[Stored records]

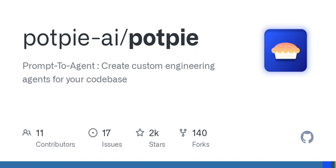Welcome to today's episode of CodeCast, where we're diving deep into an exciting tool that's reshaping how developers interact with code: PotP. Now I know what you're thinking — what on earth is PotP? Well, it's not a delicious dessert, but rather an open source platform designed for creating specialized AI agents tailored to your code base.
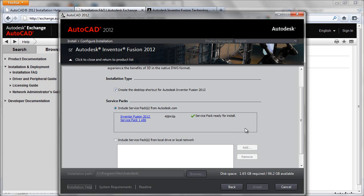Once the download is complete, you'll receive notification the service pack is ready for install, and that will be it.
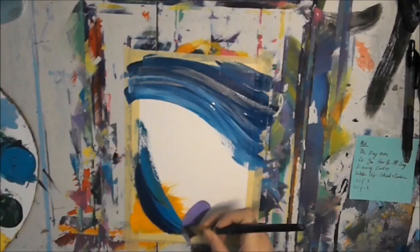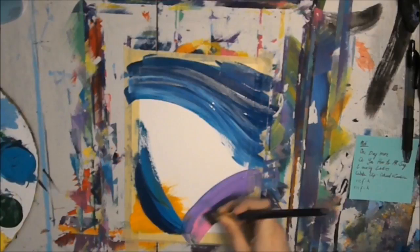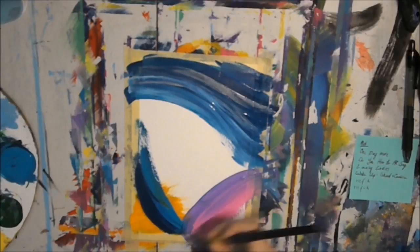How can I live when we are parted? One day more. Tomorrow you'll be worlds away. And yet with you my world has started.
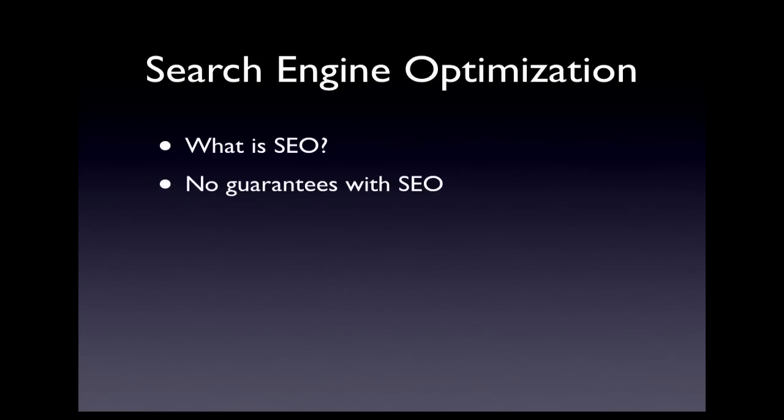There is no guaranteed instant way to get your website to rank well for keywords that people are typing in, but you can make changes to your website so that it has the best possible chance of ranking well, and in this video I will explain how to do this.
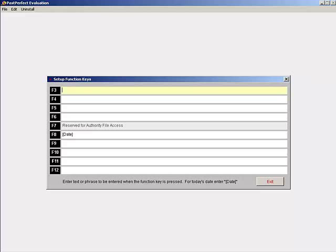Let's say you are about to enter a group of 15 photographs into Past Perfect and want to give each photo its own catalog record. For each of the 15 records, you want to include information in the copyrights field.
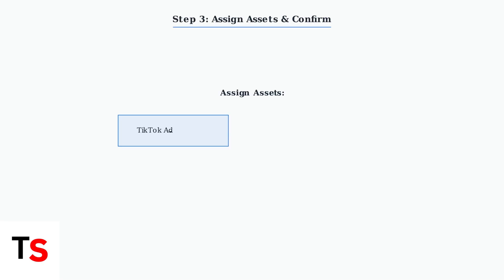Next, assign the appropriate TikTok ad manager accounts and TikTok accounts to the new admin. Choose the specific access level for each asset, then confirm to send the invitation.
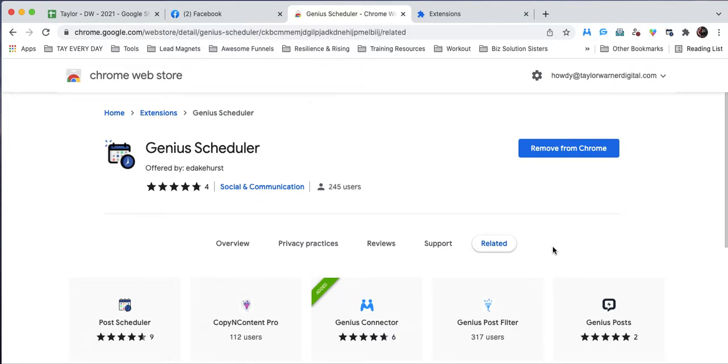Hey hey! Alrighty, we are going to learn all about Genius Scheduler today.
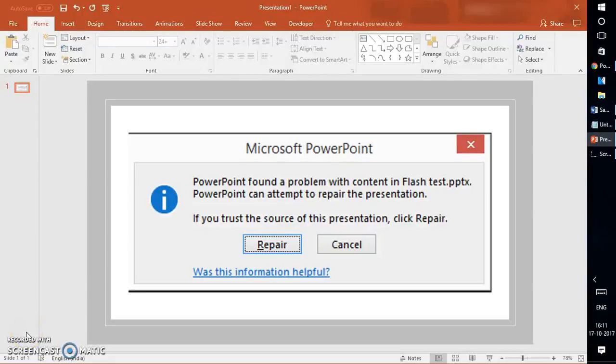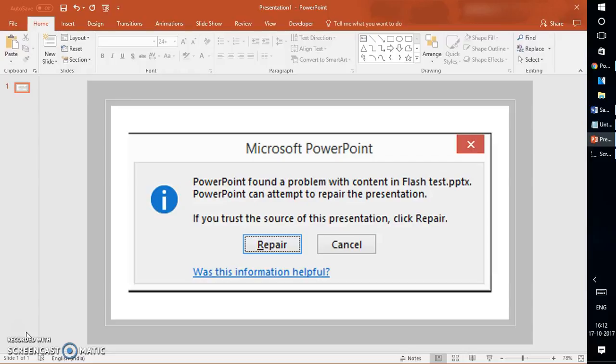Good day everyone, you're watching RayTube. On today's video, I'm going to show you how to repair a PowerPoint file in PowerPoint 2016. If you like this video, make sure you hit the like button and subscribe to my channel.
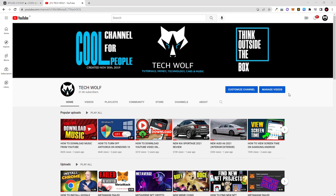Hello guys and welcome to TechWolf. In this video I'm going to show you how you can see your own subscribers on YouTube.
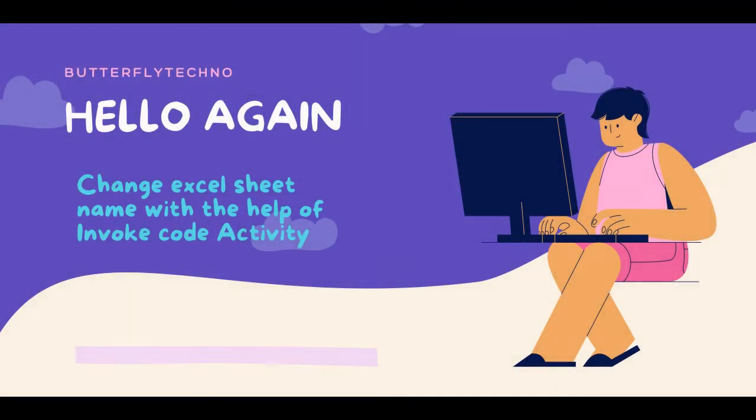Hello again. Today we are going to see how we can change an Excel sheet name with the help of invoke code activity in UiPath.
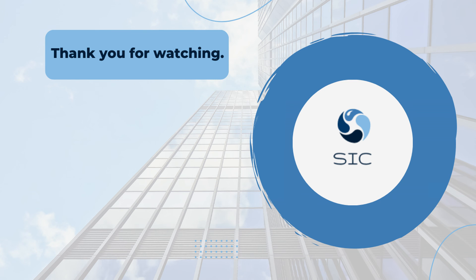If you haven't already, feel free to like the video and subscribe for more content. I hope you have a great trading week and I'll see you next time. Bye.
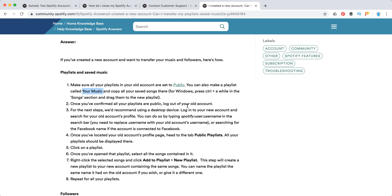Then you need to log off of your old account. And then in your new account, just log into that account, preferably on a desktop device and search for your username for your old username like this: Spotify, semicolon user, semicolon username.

### What you are asked to do
Although the records above contain pictures, the copy must not; set down exactly the lines from the one with "Let's say you" up to and including the one with "Hey hey! Alrighty, we".

### Answer for the task
Let's say you are about to enter a group of 15 photographs into Past Perfect and want to give each photo its own catalog record. For each of the 15 records, you want to include information in the copyrights field.
Next, assign the appropriate TikTok ad manager accounts and TikTok accounts to the new admin. Choose the specific access level for each asset, then confirm to send the invitation.
Hey hey! Alrighty, we are going to learn all about Genius Scheduler today.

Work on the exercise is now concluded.